O Brasil era historicamente contrário à ampliação do Brics. E divergências já haviam surgido durante a cúpula de 2023, realizada na África do Sul, quando China e Rússia pressionaram pela entrada dos cinco novos integrantes.
A urgência para anunciar os novos filiados causou incômodo entre a delegação brasileira, que demandava o estabelecimento de critérios mais claros para a aceitação dos membros.
Segundo Marta Fernández, do BRICS Policy Center, esse debate deve retornar nos próximos dias, com a diplomacia brasileira pressionando por uma discussão formal sobre os parâmetros mínimos exigidos dos novos integrantes.
“Um dos critérios que devem ser discutidos é a exigência de que os novos integrantes tenham relações diplomáticas e amigáveis com os países membros do Brics”, diz. “Ou ter um desejo comum pela reforma da arquitetura financeira mundial e reforma das Nações Unidas.”
Ao mesmo tempo, também há quem preveja disputa sobre a entrada de países específicos no grupo, em especial Venezuela e Nicarágua.
As duas nações estão sendo consideradas para uma possível nova categoria de membros associados, que participariam de praticamente todas as reuniões do bloco, mas não teriam poder de veto.
O governo Lula, porém, já sinalizou que deverá se posicionar contra o ingresso da Venezuela, segundo reportagem do portal G1.
A recusa do Brasil em apoiar a entrada do país vizinho no Brics estaria ligada à situação política venezuelana.

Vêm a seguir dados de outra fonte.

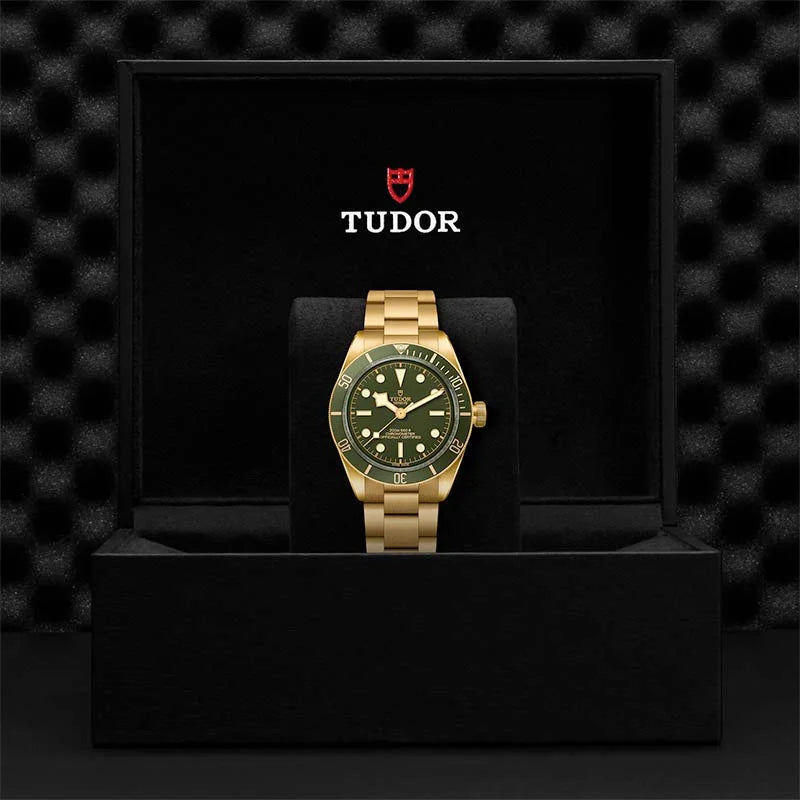 Tudor Watches m79018v 0006 2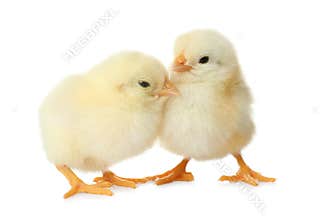 Cute fluffy baby chickens on background. Farm animals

Lula tem feito críticas a Nicolás Maduro e à sua recusa em divulgar as atas das eleições de julho, das quais diz ter saído vitorioso.

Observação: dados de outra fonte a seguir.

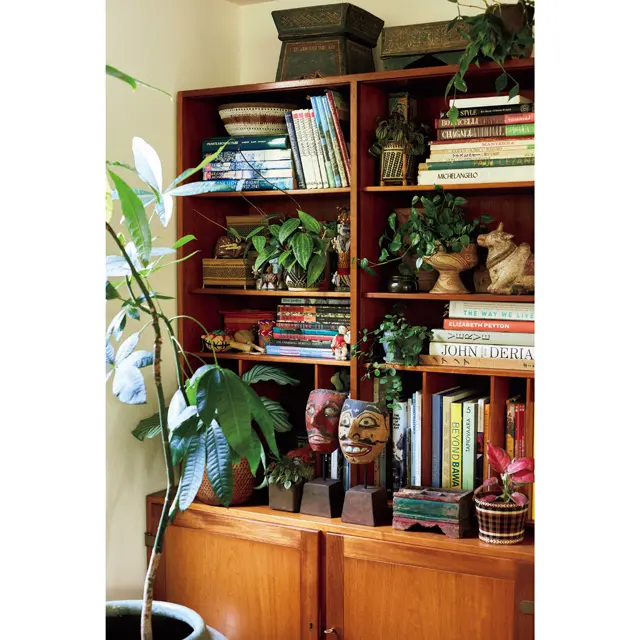 本棚には垂れ下がる植物を本や旅の思い出の品と一緒にあしらう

China, Rússia e Irã, porém, reconheceram a vitória de Maduro e parecem apoiar a entrada da Venezuela no bloco.
No caso da Nicarágua, o desconforto brasileiro é motivado pelo recente congelamento das relações com o país.
Ex-aliado de Lula, o líder nicaraguense Daniel Ortega expulsou o embaixador brasileiro de Manágua em agosto. Em resposta, o Brasil fez o mesmo com a embaixadora do país sul-americano em Brasília.
A expectativa é que o Brasil também vete o ingresso da Nicarágua.
Getty Images via BBC
Criado em 2009, o Brics foi fundado sob a premissa de que as instituições internacionais eram excessivamente dominadas por potências ocidentais e haviam deixado de servir aos países em desenvolvimento.
O grupo se juntou com o objetivo de coordenar as políticas econômicas e diplomáticas de seus membros, encontrar novas soluções para as instituições financeiras e reduzir a dependência do dólar americano.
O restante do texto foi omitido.